How tough could it be? Very tough, Prianka quickly discovered. The house had 20 rooms and 13 bathrooms, and Prianka, the only maid, was expected to clean every one every day. There were nine children, and Prianka had to wash all their clothes and cook all their food. Seven days a week, she was up at 4:30 a.m. and never got to bed before midnight. All this for the equivalent of $26 a week.
After nine months, depressed and exhausted, Prianka had enough. As the family slept, she sneaked out of the villa, flagged down a taxi and told the driver to take her to the Embassy of the Republic of Sri Lanka.
Prianka was not the only Sri Lankan maid to seek refuge in the embassy's safe house this hot June morning. There was Pushpa Chandra, 30, who was sick of fighting off sexual advances from her sponsor's teenage son. And as tears slid down her smooth brown cheeks, a tiny 26-year-old woman whispered that she had been raped by her sponsor's adult son.
Now, she sobbed, she thought she was pregnant.
Last year, at least 2,800 Sri Lankan housemaids ran away from their Saudi sponsors, claiming they had been overworked, sexually abused or physically mistreated by jealous wives. They are among the countless foreign "guest workers" in Saudi Arabia who live and work under conditions that are sometimes compared to modern-day slavery.
"The world must know about this," says Mohamed Sakoor, a Sri Lankan driver and translator who works at Riyadh's international airport. He shares a roach-and-rat-infested shed, just 8 feet by 10 feet, with three other men hired by two rich Saudi brothers.
Despite efforts to "Saudize" the work force by replacing foreigners with Saudis, the kingdom remains highly dependent on foreign labor. About two-thirds of all jobs are still held by foreigners, including almost 90 percent of those in the private sector.
No foreigner can work in the kingdom without a Saudi sponsor, who typically provides accommodations and pays travel expenses, including a trip home every one or two years.

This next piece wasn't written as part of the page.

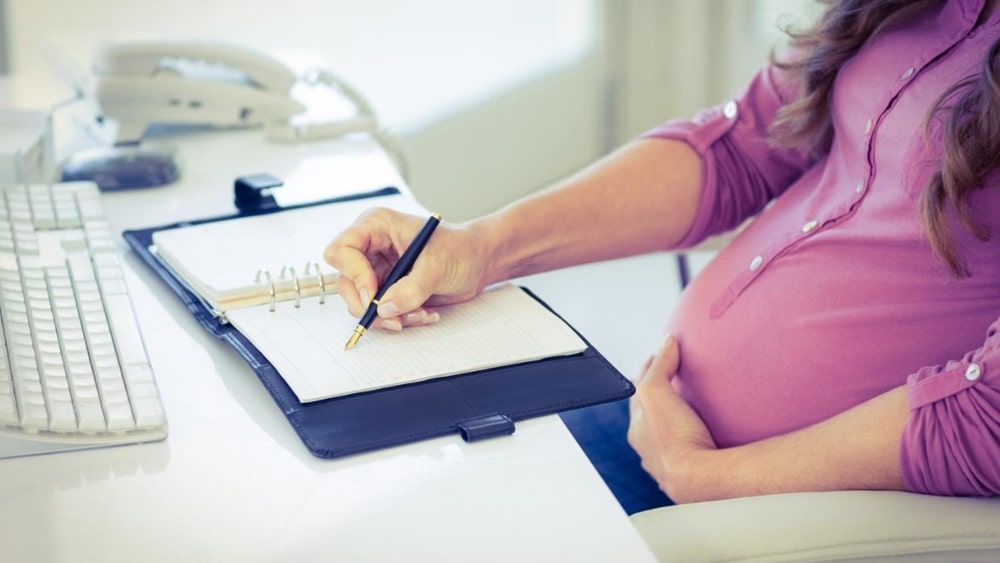 임신부가 펜을 들고 다이어리에 뭔가를 기록하고 있는 모습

In most cases, the sponsor holds the employee's passport, and an employee cannot leave the country or change jobs without the sponsor's permission.
For nurses, engineers and other professionals from First World countries like the United States, working in Saudi Arabia can be extremely lucrative and surprisingly pleasant. Most Westerners live in walled compounds with swimming pools, tennis courts, attractive landscaping and well-stocked commissaries.
But for unskilled workers from poor countries, life in Saudi Arabia can be a very different story -- one of broken promises and stomach-churning squalor.